[Extracted data]

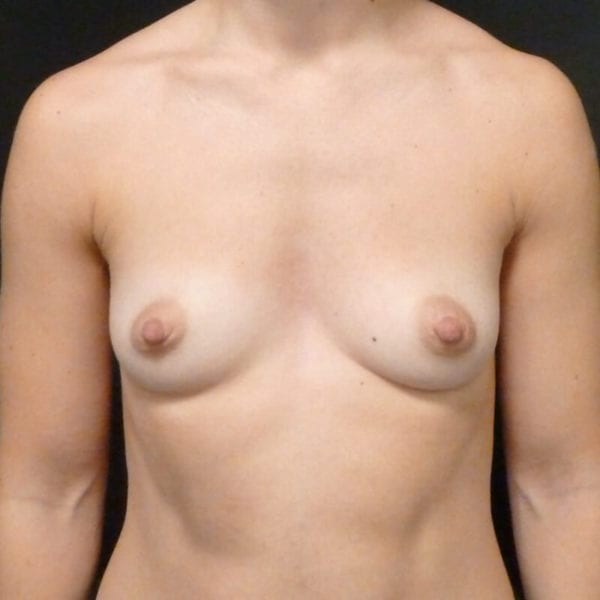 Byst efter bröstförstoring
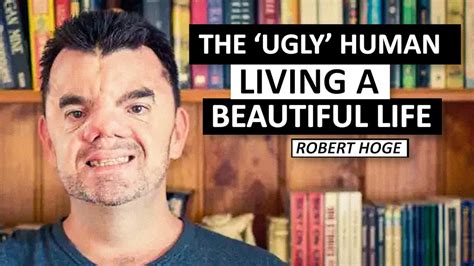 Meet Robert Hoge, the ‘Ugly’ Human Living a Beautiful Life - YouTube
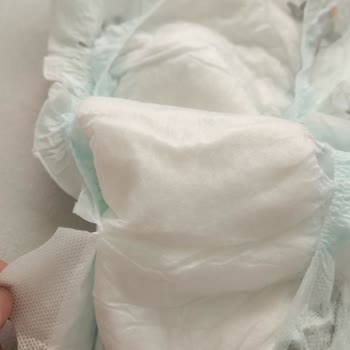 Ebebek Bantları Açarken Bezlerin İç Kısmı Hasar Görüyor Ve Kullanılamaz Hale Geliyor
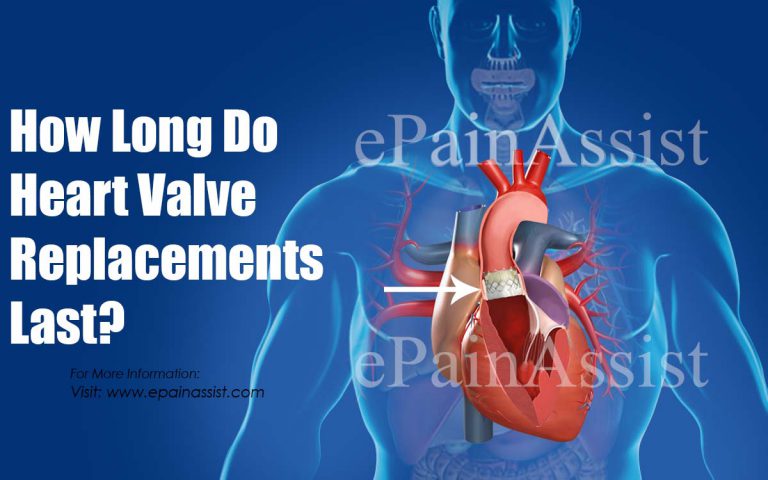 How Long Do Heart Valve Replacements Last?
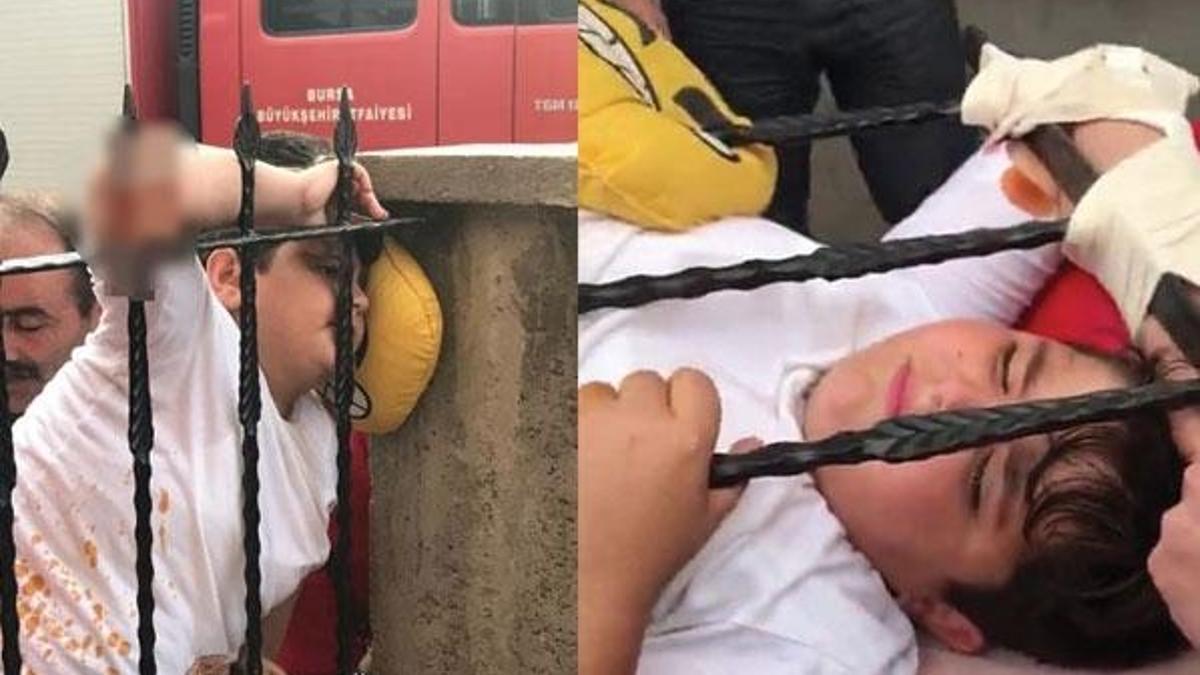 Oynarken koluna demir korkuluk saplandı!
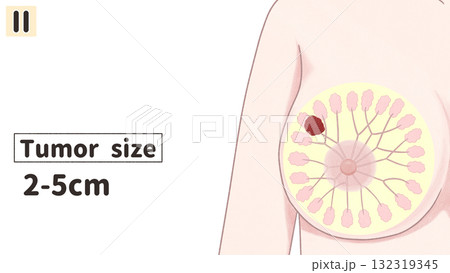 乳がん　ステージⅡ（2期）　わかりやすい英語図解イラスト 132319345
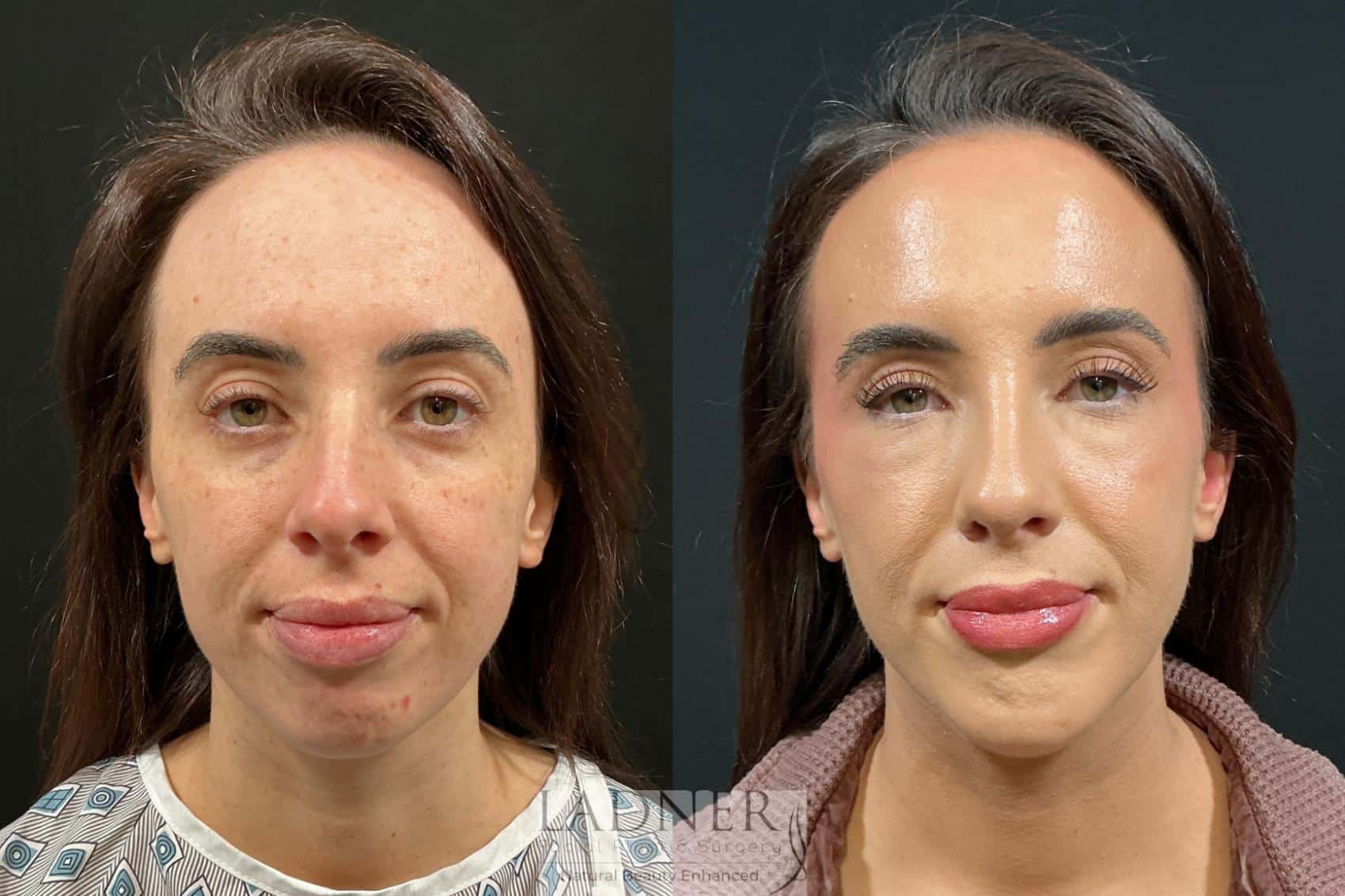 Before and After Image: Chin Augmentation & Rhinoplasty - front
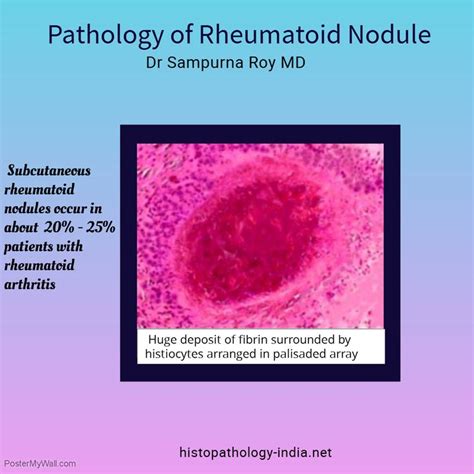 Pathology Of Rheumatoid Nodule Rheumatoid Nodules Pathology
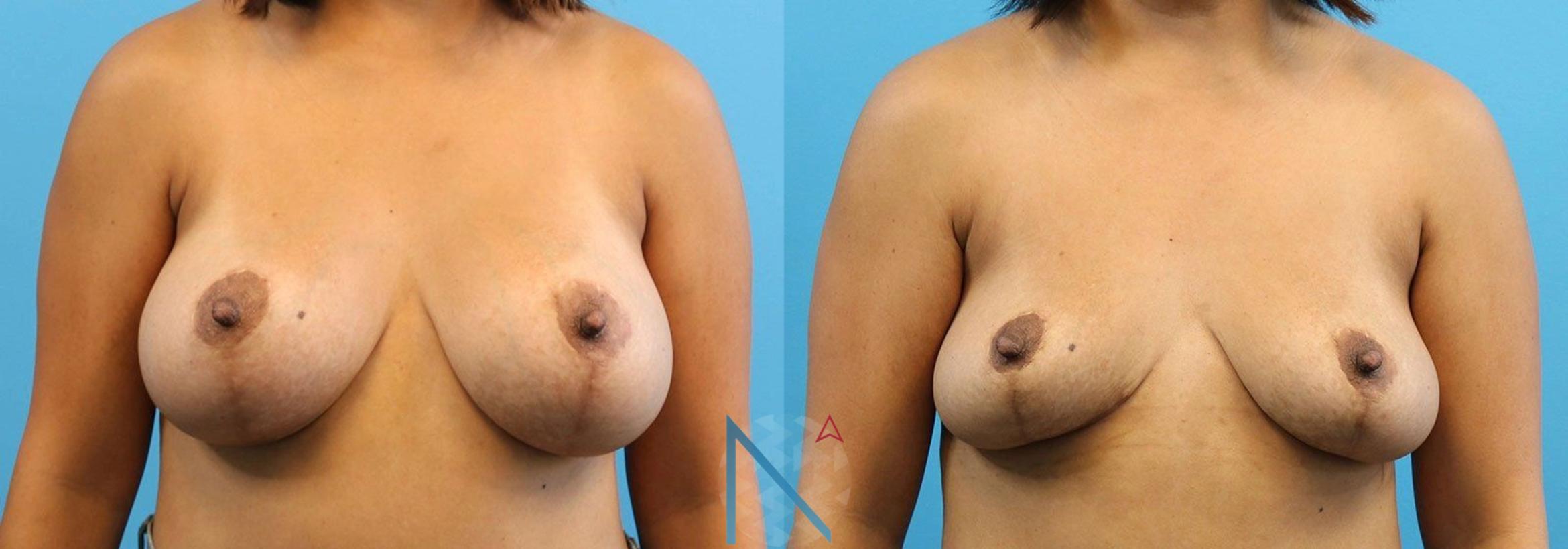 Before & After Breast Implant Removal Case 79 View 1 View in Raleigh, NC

[/Extracted data]

• [What to work on]: Exactly repeat every line from the line that includes "Meet Robert Hoge, the" to the end of the listing, and nothing else, leaving pictures out.

• [Output below]:
 Meet Robert Hoge, the ‘Ugly’ Human Living a Beautiful Life - YouTube
 Ebebek Bantları Açarken Bezlerin İç Kısmı Hasar Görüyor Ve Kullanılamaz Hale Geliyor
 How Long Do Heart Valve Replacements Last?
 Oynarken koluna demir korkuluk saplandı!
 乳がん　ステージⅡ（2期）　わかりやすい英語図解イラスト 132319345
 Before and After Image: Chin Augmentation & Rhinoplasty - front
 Pathology Of Rheumatoid Nodule Rheumatoid Nodules Pathology
 Before & After Breast Implant Removal Case 79 View 1 View in Raleigh, NC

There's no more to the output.